* _Task directions_
Your answer must consist of exactly the lines below, starting with the line with "a view of balcony with furniture" and going on through the line with "girl thinking by lake", and nothing else.

Collection entries:

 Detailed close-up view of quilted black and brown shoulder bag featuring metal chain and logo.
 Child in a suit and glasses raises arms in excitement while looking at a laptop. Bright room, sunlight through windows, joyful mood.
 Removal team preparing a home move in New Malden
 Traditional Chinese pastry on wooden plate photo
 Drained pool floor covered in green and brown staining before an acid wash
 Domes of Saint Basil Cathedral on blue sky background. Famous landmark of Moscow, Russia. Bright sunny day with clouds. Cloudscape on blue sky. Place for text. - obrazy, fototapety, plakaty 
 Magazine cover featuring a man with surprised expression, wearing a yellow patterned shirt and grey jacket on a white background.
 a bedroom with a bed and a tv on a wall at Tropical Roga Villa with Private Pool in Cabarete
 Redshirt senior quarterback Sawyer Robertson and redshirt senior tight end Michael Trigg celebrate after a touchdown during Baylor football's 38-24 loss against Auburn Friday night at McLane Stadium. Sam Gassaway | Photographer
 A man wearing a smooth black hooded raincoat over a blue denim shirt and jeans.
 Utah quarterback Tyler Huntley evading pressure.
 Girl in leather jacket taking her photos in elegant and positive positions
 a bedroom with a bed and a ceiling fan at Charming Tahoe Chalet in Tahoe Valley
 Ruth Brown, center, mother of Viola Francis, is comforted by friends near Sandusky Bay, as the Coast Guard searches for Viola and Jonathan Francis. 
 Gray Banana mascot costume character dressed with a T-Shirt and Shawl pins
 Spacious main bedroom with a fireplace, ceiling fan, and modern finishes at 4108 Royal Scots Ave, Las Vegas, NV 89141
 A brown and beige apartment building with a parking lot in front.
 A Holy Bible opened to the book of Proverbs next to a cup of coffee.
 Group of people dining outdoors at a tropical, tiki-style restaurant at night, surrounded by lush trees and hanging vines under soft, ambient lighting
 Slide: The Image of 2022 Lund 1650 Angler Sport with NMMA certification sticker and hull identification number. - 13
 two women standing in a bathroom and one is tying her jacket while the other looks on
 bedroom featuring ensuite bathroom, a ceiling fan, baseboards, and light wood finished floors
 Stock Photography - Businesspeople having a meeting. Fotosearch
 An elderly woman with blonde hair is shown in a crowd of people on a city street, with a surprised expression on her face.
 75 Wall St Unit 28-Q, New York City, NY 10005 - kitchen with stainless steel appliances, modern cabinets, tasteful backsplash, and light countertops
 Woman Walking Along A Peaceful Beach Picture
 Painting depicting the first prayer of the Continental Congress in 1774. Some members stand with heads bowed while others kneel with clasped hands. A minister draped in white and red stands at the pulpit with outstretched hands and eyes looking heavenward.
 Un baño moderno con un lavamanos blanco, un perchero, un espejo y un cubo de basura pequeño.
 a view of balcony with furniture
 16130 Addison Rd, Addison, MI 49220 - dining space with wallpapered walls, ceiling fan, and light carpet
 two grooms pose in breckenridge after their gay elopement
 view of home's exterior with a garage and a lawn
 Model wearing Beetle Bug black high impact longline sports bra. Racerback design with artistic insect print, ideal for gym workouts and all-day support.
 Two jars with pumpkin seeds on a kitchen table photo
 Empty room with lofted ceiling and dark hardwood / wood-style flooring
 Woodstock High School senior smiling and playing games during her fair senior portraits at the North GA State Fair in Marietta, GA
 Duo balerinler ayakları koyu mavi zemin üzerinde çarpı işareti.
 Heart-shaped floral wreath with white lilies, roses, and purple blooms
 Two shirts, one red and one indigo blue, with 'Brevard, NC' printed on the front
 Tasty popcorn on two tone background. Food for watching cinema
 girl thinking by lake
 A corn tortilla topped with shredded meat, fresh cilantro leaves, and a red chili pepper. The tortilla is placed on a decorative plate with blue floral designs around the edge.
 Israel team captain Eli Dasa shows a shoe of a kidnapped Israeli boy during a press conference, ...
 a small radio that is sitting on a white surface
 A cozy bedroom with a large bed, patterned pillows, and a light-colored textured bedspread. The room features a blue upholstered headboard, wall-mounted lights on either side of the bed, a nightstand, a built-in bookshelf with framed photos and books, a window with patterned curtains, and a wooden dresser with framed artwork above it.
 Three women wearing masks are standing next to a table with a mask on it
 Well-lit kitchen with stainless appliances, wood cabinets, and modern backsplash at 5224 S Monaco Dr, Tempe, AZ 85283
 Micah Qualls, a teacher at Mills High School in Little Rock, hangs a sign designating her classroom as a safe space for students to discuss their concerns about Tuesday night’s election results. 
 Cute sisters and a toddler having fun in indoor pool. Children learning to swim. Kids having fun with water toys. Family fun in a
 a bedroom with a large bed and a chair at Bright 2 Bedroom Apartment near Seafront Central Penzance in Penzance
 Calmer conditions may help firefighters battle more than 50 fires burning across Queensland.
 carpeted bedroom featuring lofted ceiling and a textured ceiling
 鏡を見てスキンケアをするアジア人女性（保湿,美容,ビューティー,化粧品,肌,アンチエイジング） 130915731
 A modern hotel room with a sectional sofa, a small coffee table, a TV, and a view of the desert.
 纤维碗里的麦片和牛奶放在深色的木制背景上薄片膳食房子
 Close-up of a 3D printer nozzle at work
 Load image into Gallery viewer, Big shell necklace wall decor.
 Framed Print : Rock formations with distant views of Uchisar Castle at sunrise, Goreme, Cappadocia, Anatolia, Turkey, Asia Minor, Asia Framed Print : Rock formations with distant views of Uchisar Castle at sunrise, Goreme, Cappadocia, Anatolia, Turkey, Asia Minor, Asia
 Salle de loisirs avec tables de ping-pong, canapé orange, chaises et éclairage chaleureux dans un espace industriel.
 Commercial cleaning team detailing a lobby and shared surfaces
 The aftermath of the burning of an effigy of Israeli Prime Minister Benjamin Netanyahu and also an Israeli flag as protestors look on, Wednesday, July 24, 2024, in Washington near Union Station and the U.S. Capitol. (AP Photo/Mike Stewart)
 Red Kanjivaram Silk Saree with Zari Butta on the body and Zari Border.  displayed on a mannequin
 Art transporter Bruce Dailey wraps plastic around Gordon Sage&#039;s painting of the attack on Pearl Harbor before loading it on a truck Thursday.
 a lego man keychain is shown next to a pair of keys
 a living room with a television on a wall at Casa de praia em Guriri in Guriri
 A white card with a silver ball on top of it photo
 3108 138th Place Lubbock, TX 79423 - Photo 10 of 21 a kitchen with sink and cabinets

* _Result for this task_
 a view of balcony with furniture
 16130 Addison Rd, Addison, MI 49220 - dining space with wallpapered walls, ceiling fan, and light carpet
 two grooms pose in breckenridge after their gay elopement
 view of home's exterior with a garage and a lawn
 Model wearing Beetle Bug black high impact longline sports bra. Racerback design with artistic insect print, ideal for gym workouts and all-day support.
 Two jars with pumpkin seeds on a kitchen table photo
 Empty room with lofted ceiling and dark hardwood / wood-style flooring
 Woodstock High School senior smiling and playing games during her fair senior portraits at the North GA State Fair in Marietta, GA
 Duo balerinler ayakları koyu mavi zemin üzerinde çarpı işareti.
 Heart-shaped floral wreath with white lilies, roses, and purple blooms
 Two shirts, one red and one indigo blue, with 'Brevard, NC' printed on the front
 Tasty popcorn on two tone background. Food for watching cinema
 girl thinking by lake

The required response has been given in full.